WHAT YOU ARE ASKED TO DO
Reproduce each record exactly. The pictures should be skipped.

Items from a data source
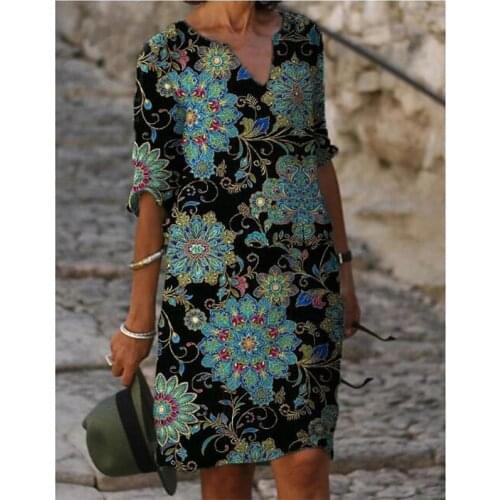 Women Shift Dress Knee Length Dress - Half Sleeve Floral Color Block Summer Fall V Neck Casual Hot vacation dresses Loose 2021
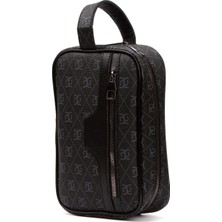 Tuldar Erkek Siyah Deri Portföy Clutch Traş Kozmetik Bakım Ve Günlük El Çantası (14X24CM) tul374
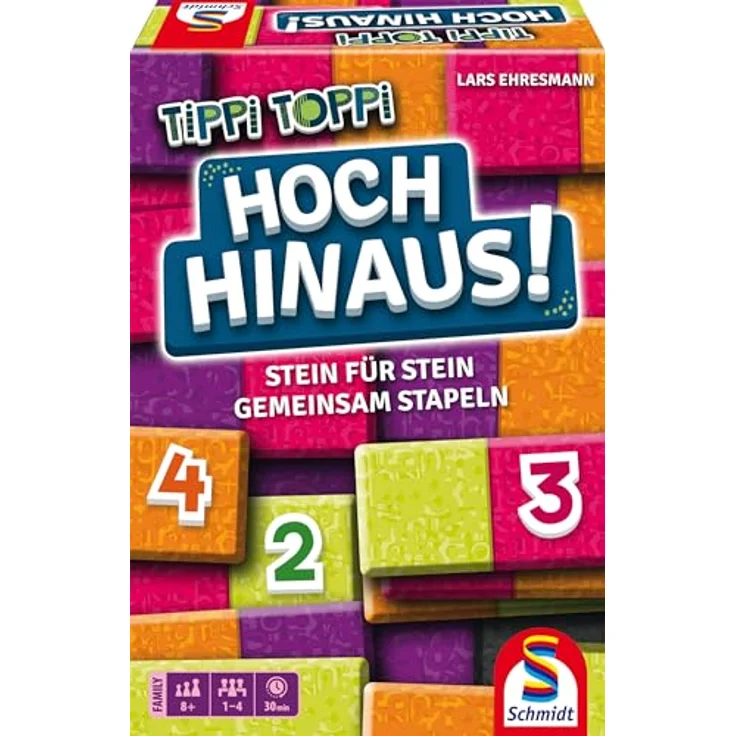 Schmidt Spiele 49484 Tippi Toppi, Hoch Hinaus! Legespiel für 1-4 Spieler, ab 8 Jahren, Spieldauer 30 Minuten, Blau, Weiß, Grün – Bild 1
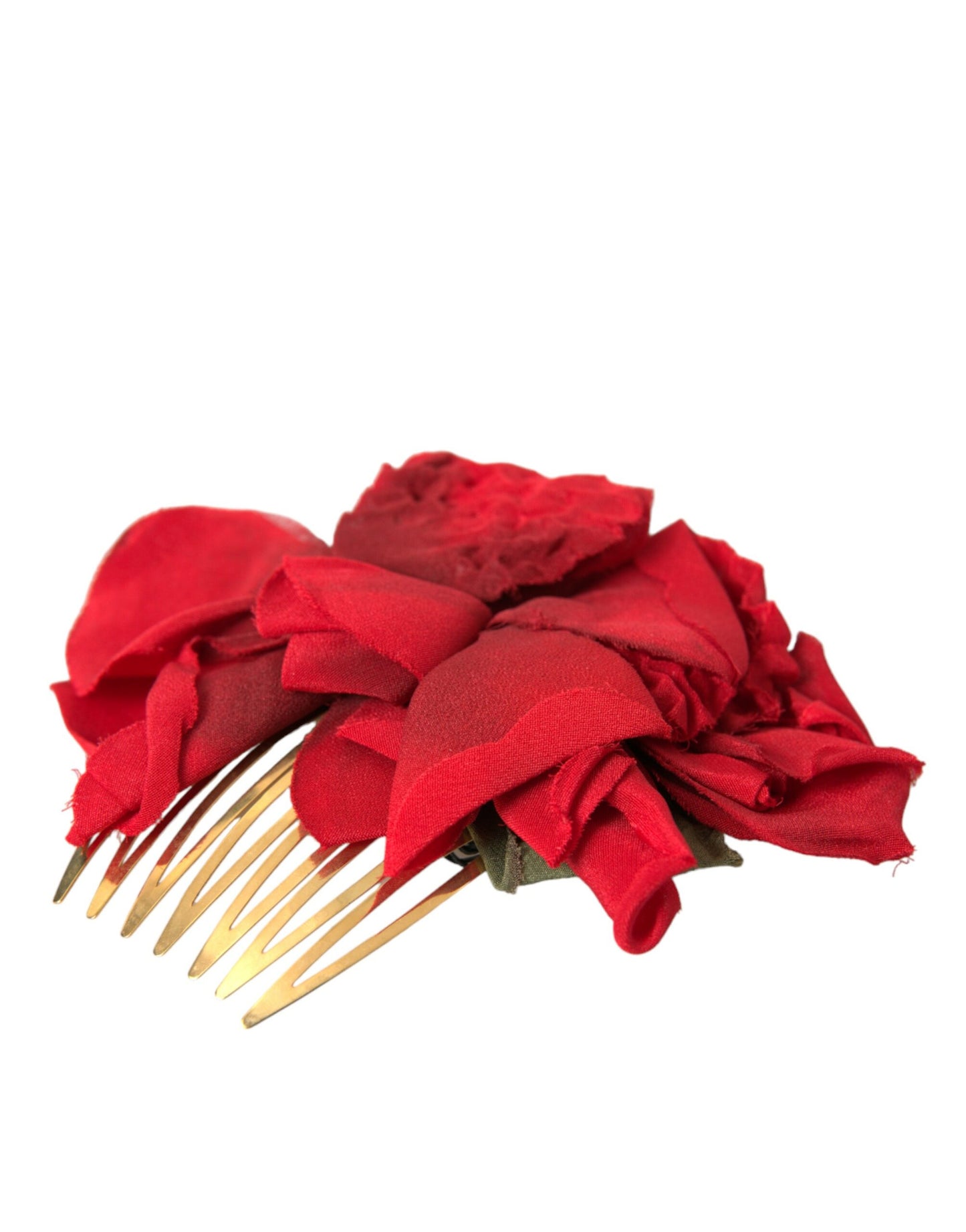 Dolce & Gabbana Red Silk Floral Gold Brass Women Hair Comb - KALAJ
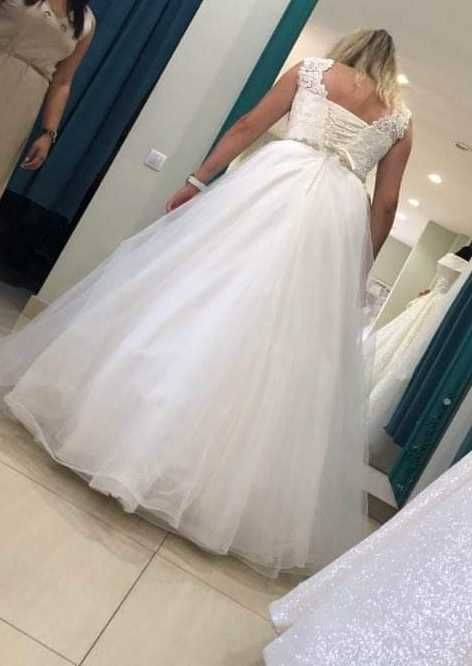 rochie mireasa printesa A-line, marime s-m-l, reglabila la spate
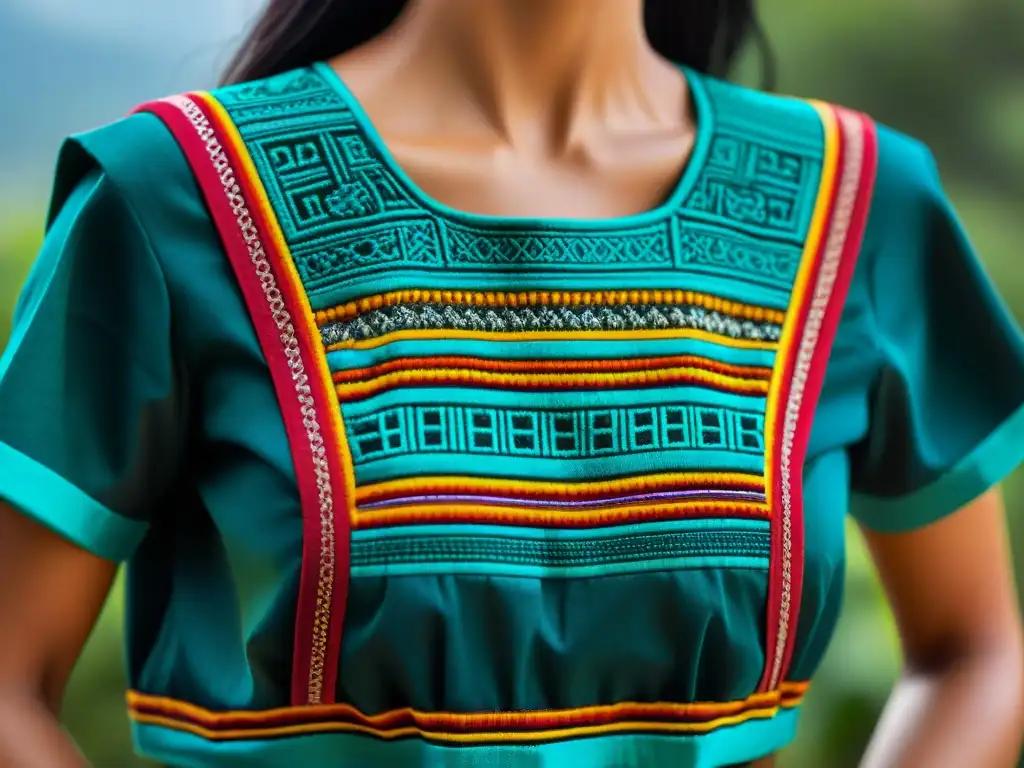 Detalle colorido y artesanal de un huipil maya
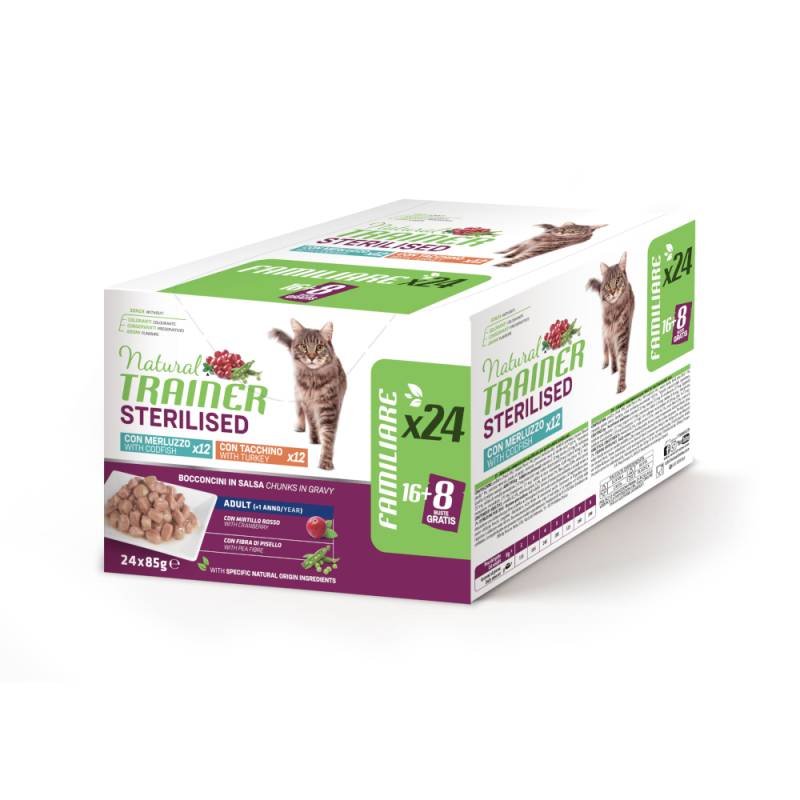 60 + 12 gratis! 72 x 85 g Natural Trainer Adult - Sterilised Truthahn und Kabeljau von Natural Trainer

REPLY
 Women Shift Dress Knee Length Dress - Half Sleeve Floral Color Block Summer Fall V Neck Casual Hot vacation dresses Loose 2021
 Tuldar Erkek Siyah Deri Portföy Clutch Traş Kozmetik Bakım Ve Günlük El Çantası (14X24CM) tul374
 Schmidt Spiele 49484 Tippi Toppi, Hoch Hinaus! Legespiel für 1-4 Spieler, ab 8 Jahren, Spieldauer 30 Minuten, Blau, Weiß, Grün – Bild 1
 Dolce & Gabbana Red Silk Floral Gold Brass Women Hair Comb - KALAJ
 rochie mireasa printesa A-line, marime s-m-l, reglabila la spate
 Detalle colorido y artesanal de un huipil maya
 60 + 12 gratis! 72 x 85 g Natural Trainer Adult - Sterilised Truthahn und Kabeljau von Natural Trainer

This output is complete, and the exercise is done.